------ Material for this task ------

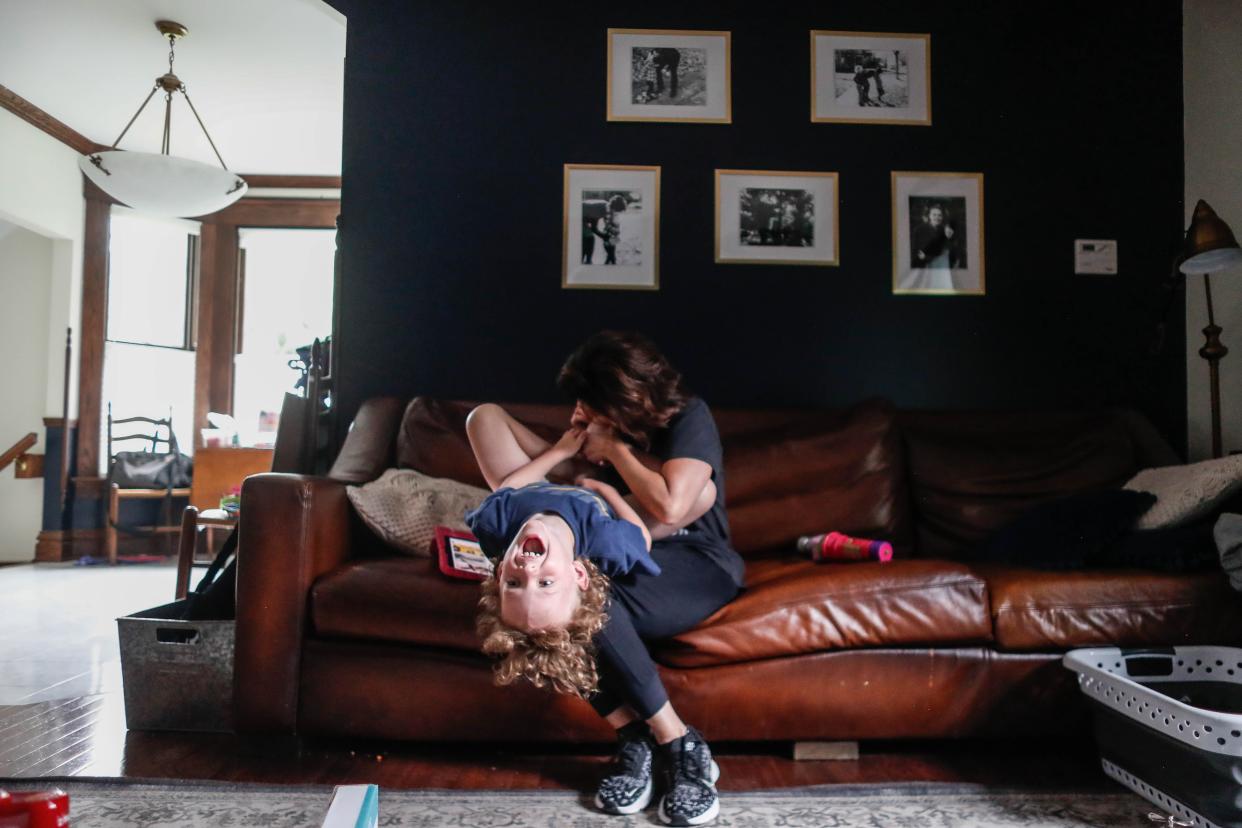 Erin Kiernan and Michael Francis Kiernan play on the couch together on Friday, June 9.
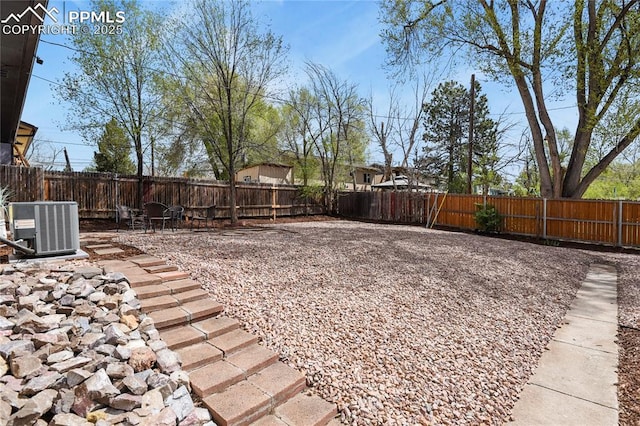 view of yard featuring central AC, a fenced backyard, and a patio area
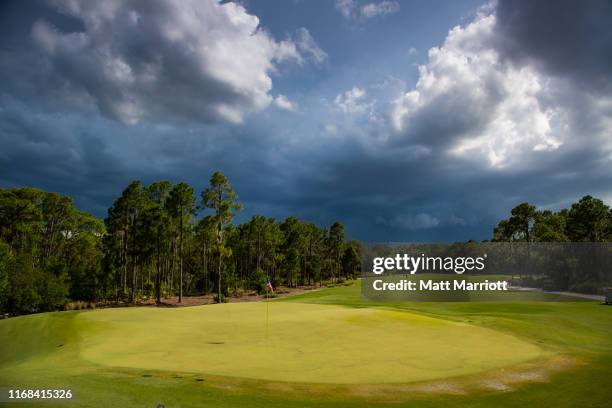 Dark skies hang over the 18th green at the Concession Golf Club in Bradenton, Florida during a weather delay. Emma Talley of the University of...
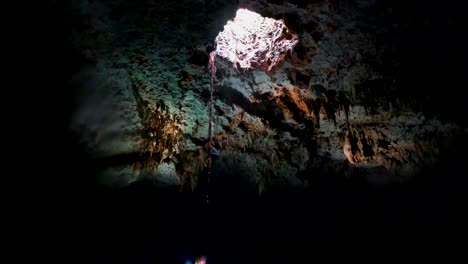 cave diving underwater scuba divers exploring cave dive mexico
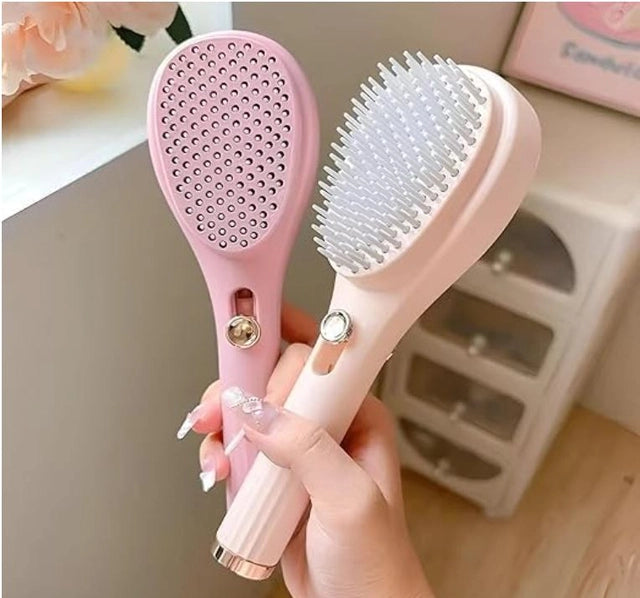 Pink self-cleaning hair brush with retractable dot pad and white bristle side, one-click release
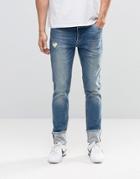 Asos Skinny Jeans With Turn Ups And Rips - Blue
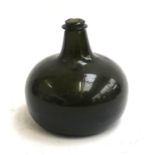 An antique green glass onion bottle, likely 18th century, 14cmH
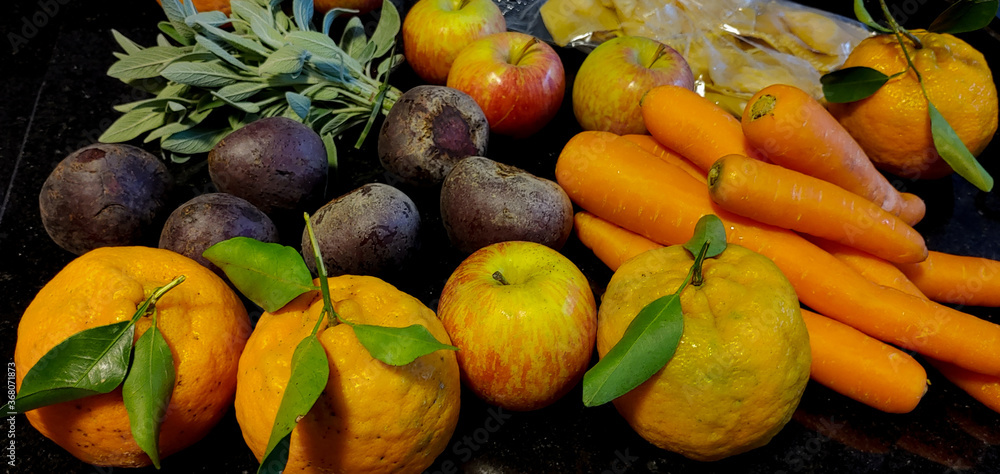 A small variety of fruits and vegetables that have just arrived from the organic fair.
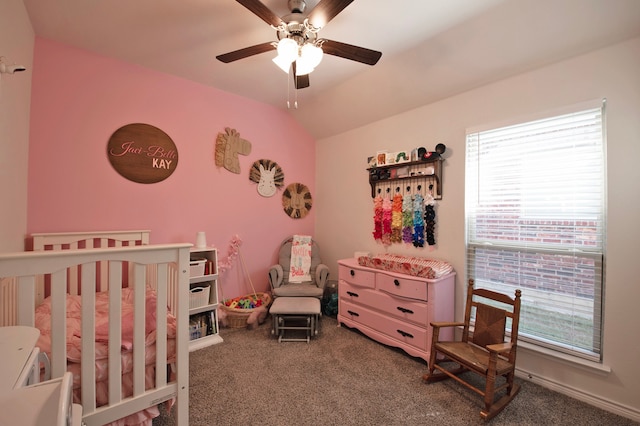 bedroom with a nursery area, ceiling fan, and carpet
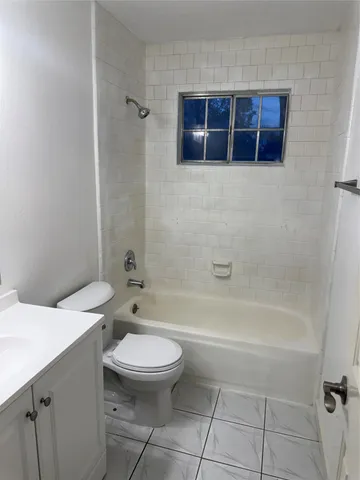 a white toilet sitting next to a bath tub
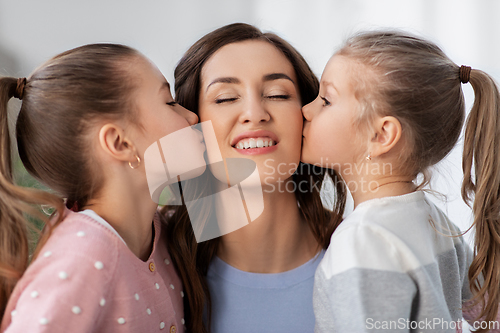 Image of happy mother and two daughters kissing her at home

------

Your assignment
For this exercise, repeat word for word only the lines from the one containing "An antique green" through the end of the data, including both. Pictures do not go in the copy.

Your solution
 An antique green glass onion bottle, likely 18th century, 14cmH
 A small variety of fruits and vegetables that have just arrived from the organic fair.
 bedroom with a nursery area, ceiling fan, and carpet
 a white toilet sitting next to a bath tub
 Image of happy mother and two daughters kissing her at home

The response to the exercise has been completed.